Good non hype link, now do that for more stories (Score:5, Interesting)
Would be nice if more stories here included a non hyped, rational explanation of the situation. Definitely appreciated the writeup from securosis.
The recent Android browser vs iOS browser test could have used one, since the test was flawed, and there is a rational explanation for the difference between Mobile Safari and 3rd party apps tapping WebKit.
Same for all the hyped stories out of Japan causing people to run for iodine tablets on the west coast of the US.
In general I've become so skeptical of anything these days due to the echo chamber of the internet bouncing around hyped, panicked stories with no followup.
Re:Can someone please... (Score:4, Interesting)

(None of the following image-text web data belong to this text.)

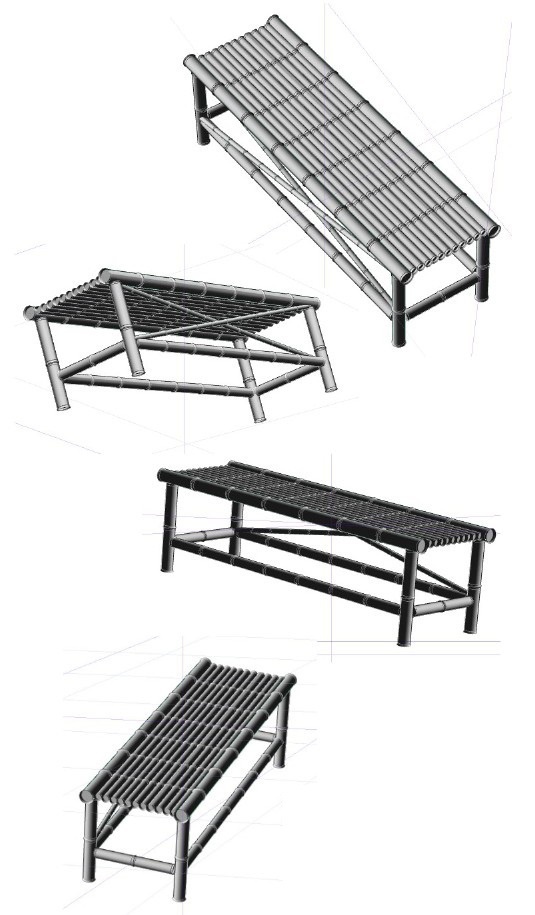 コミスタ・クリスタ用_竹椅子3D素材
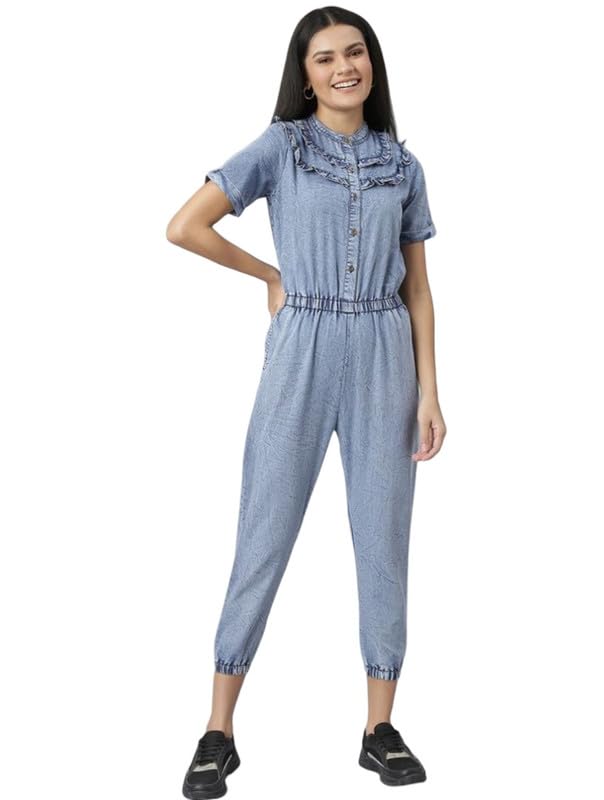 Tomar CreationWomen's Denim Self Design Tie Ups Jumpsuit (Blue, S)-PID61800-picture-32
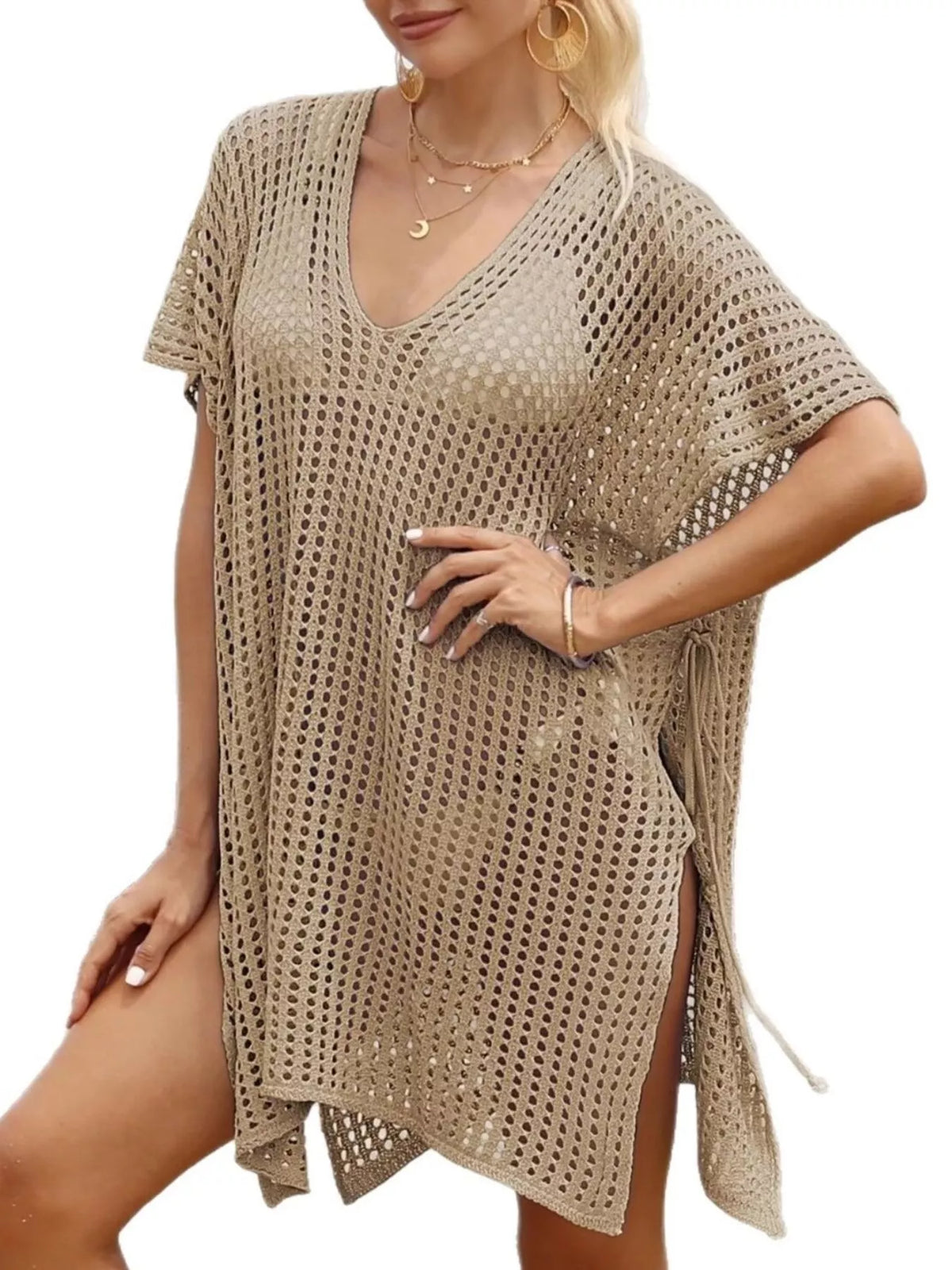 Openwork V-Neck Slit Cover-Up by Plush Fashion Hub, lightweight beachwear with openwork design and V-neck style.
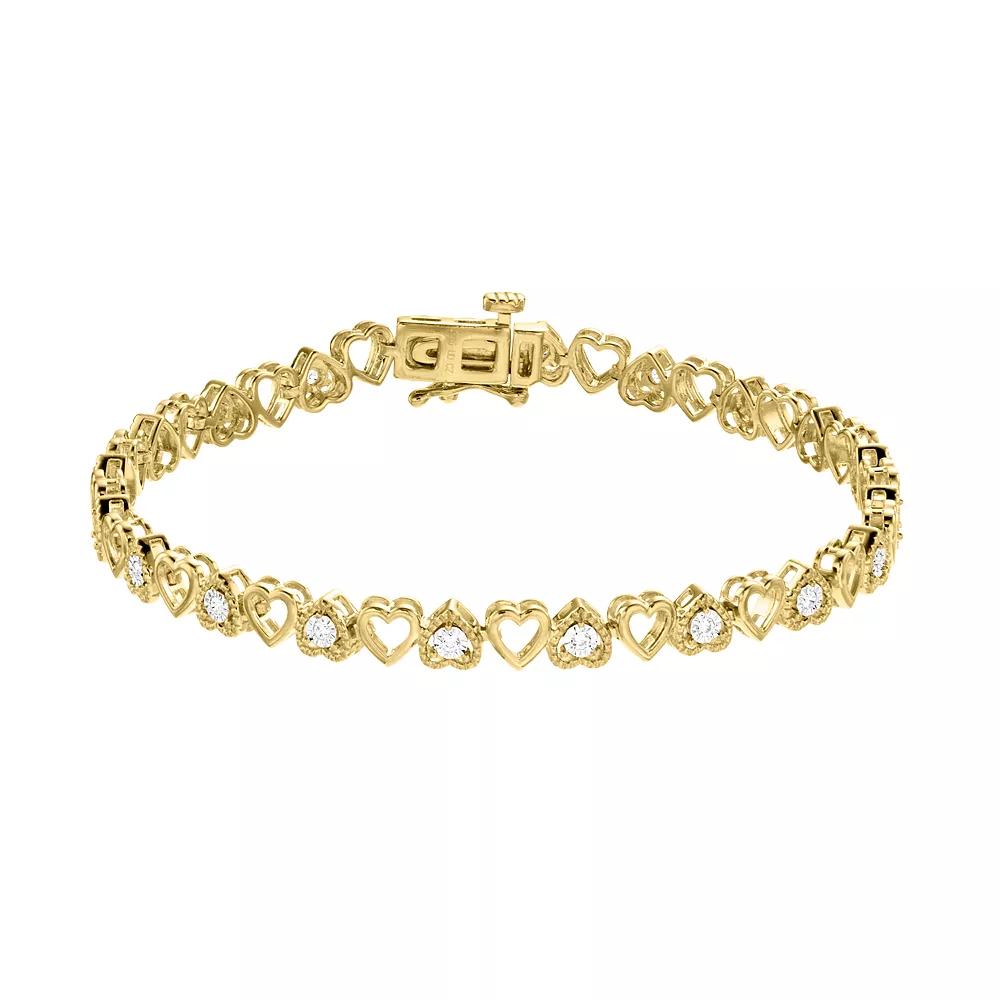 Diamond Brilliance 1/4 Carat T.W. Lab-Grown Diamond Alternating Hearts Bracelet, Women's, Size: 7", Gold Tone Product Image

I doubt it. The McEliese cryptosystem [technologyreview.com] from 1978 is immune to attack even by quantum computers, whereas current quantum cryptography has already been broken and can be sampled without detection (if the sample rate is about the same as the noise in the system), but highly secure facilities are investing in QC, not McEliese. Why? Because nobody really cares that much, not at that level. Once you pass a certain point, people become far more vulnerable than technology, so improving the technology won't help security. All it might do is attract funding, which is why QC is so good - fully buzzword-compliant - and old tech that's superior is bad.